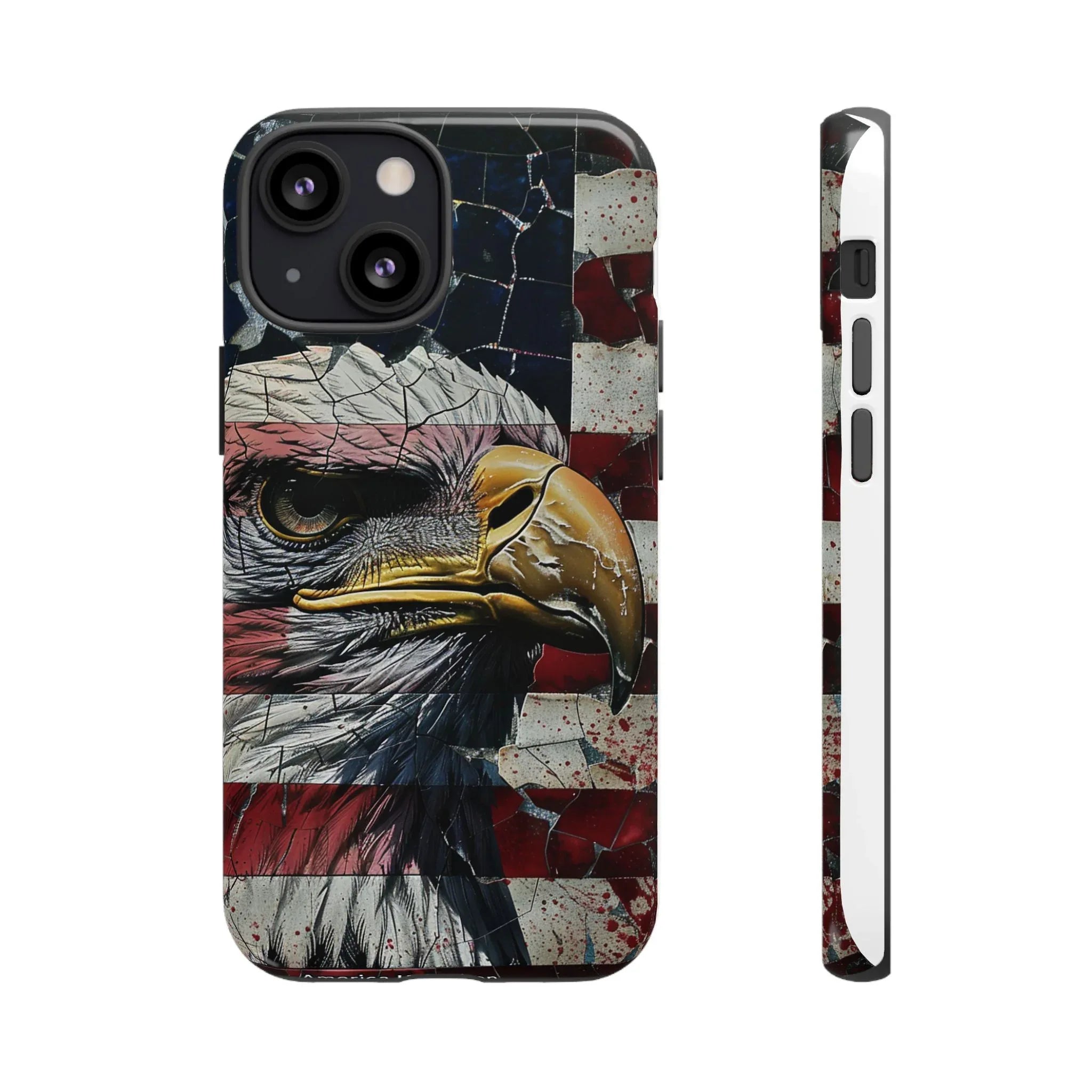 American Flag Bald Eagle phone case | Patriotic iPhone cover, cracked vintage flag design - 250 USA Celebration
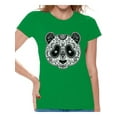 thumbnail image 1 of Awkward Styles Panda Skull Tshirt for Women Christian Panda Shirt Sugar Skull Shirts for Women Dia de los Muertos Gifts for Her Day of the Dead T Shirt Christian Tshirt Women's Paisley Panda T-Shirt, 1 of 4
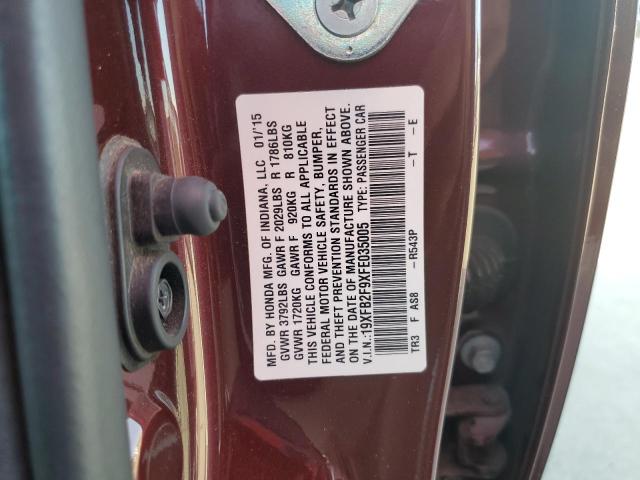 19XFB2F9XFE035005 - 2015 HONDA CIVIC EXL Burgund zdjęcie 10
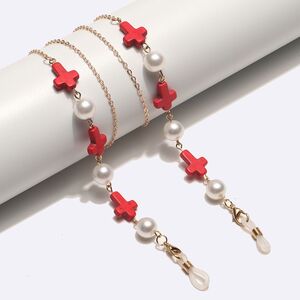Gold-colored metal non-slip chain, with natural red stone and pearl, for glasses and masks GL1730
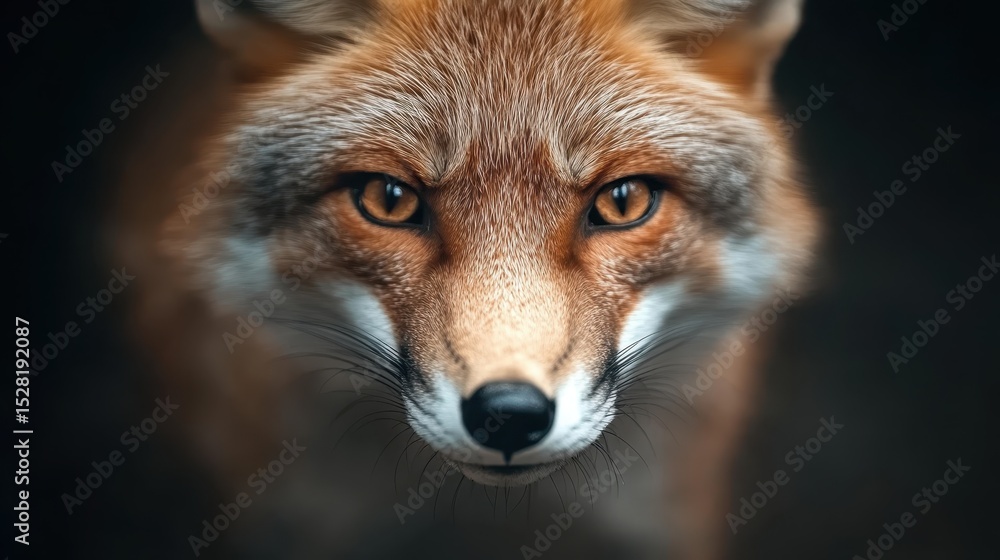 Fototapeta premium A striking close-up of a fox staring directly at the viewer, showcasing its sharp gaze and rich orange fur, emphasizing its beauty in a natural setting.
::::::::
Task goal =
What is needed is an exact repeat of every entry above, with the pictures left out.

Answer to this task =
 American Flag Bald Eagle phone case | Patriotic iPhone cover, cracked vintage flag design - 250 USA Celebration
 thumbnail image 1 of Awkward Styles Panda Skull Tshirt for Women Christian Panda Shirt Sugar Skull Shirts for Women Dia de los Muertos Gifts for Her Day of the Dead T Shirt Christian Tshirt Women's Paisley Panda T-Shirt, 1 of 4
 19XFB2F9XFE035005 - 2015 HONDA CIVIC EXL Burgund zdjęcie 10
Gold-colored metal non-slip chain, with natural red stone and pearl, for glasses and masks GL1730
 Fototapeta premium A striking close-up of a fox staring directly at the viewer, showcasing its sharp gaze and rich orange fur, emphasizing its beauty in a natural setting.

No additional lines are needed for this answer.